Religious Beliefs. There is great diversity in current religious practices and beliefs among ethnic Ch'ol, ranging from traditional Maya-Christian syncretism of various degrees, to mainstream Catholicism, to fundamentalist evangelical Protestantism.
Traditional syncretic Maya-Catholic beliefs, as manifested in the Ch'ol area, have merged the Sun with Christ and the Moon with the Virgin Mary, in accordance with pre-Columbian mythology, in which the Moon is the mother of the Sun. Tila is the center of a syncretic tradition featuring a Black Christ, the Señor de Tila (Lord of Tila), whose image is preserved in a cave, a center of worship, as an anthropomorphic stalagmite. Worshipers come to annual festivals in great numbers, making Tila a major pilgrimage site in southern Mexico.
The name "Tila" derives from the Gulf Coast Nahuatl tillan , "place of (the) black (one)," and Black men who live in caves figure prominently in highland folklore. Caves are also the domain of the principal earth deity (the Earth Owner of the Tzotzil and other Mayan groups), owner of earthly goods who must be petitioned for reasonable use of his plants and animals. Two elements of the overriding Ch'ol philosophy are that gifts must be repaid and that evil will turn back against its agent. Offerings in caves for success in hunting and other pursuits continue to be made.
Religious Practitioners. Apart from priests and pastors serving mainstream Christian churches, shamanistic curers are the principal religious practitioners. Summoned to their responsibility in dreams, curers visit caves to solidify their powers. Curing practices involve invoking supernatural powers; petitions to supernaturals are accompanied by offerings of candles, incense, and liquor. An essential element is the "promise" made by the interlocutor—a pledge of offerings and good behavior in return for divine assistance. Most shamans are male, but a similar position is held by female midwives, who likewise draw their powers from the supernatural and are destined to serve from birth.
Ceremonies. Tila is the site of a major round of religious ceremonies tied to the Christian calendar but retaining elements of pre-Columbian and colonial beliefs and practices. The festival honoring the Señor de Tila occurs in mid-January and features masses and processions of images of the Lord. Carnaval (from the weekend to Ash Wednesday) is the occasion for replacing cargo holders in office, public dance performances (Black Men and Marias), and ritual combat between bulls and jaguars (symbolizing Hispanic versus indigenous cultures). All Saints' is mainly a family occasion, with house altars prepared to receive the family dead. Tumbala, whose patron saint is Saint Michael, celebrates a similar series of festivals, on a smaller scale.

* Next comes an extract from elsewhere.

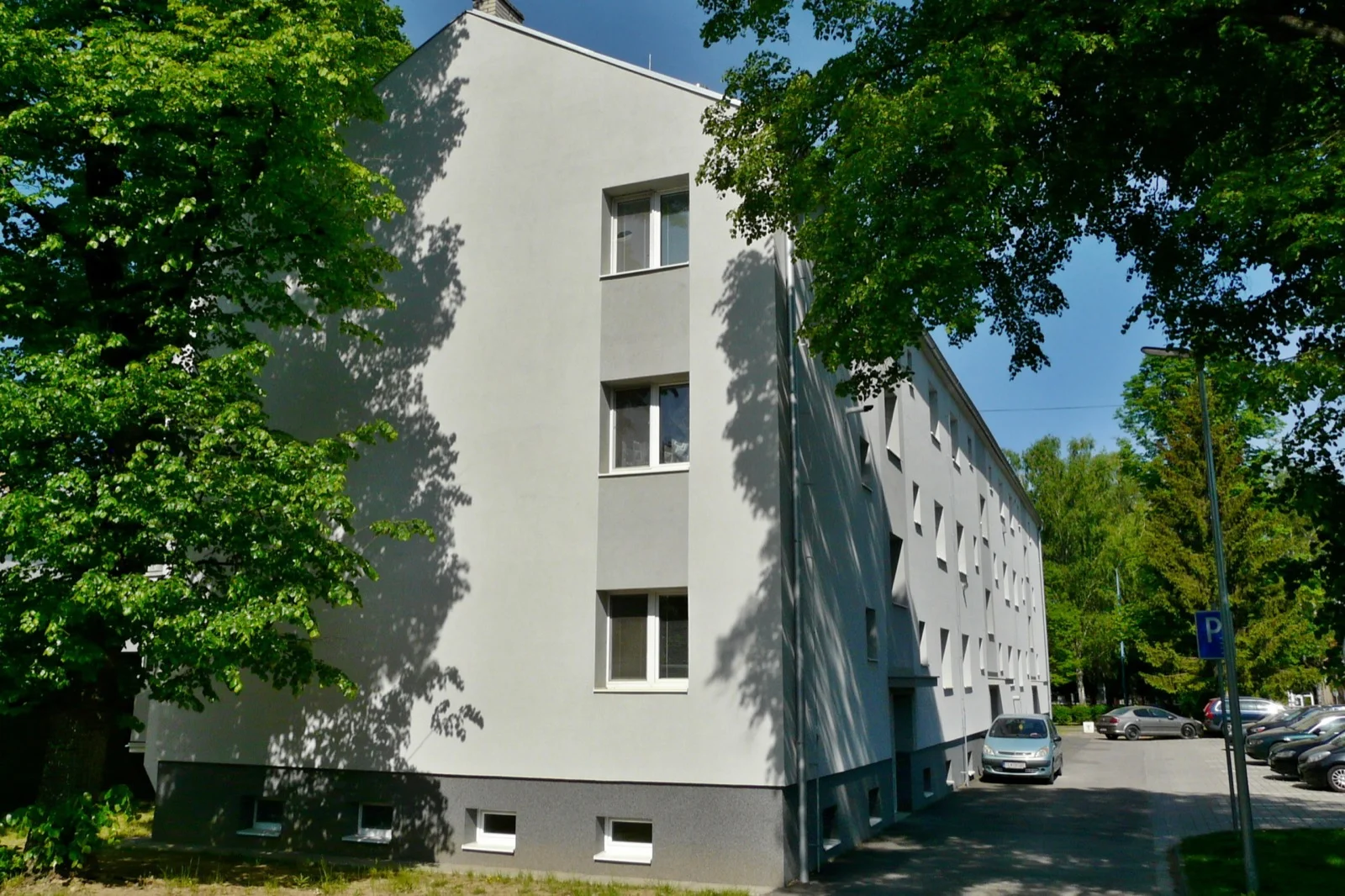 Bratislavská 438 Dubnica nad Váhom, bočný pohľad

Arts. Verbal arts are respected, and the Ch'ol have a rich body of traditional folktales and sacred myths; they are skillful at joking and narrating ordinary events. Creation stories involve the Moon and her sons, who account for the origin of the animals as well as agricultural practices, and symbolize conflict between male siblings. Other common topics are pursuit by underworld beings, transformation (people changing into animals, and vice versa), and encounters with Earth Owner, who sometimes appears in the guise of a man named Don Juan.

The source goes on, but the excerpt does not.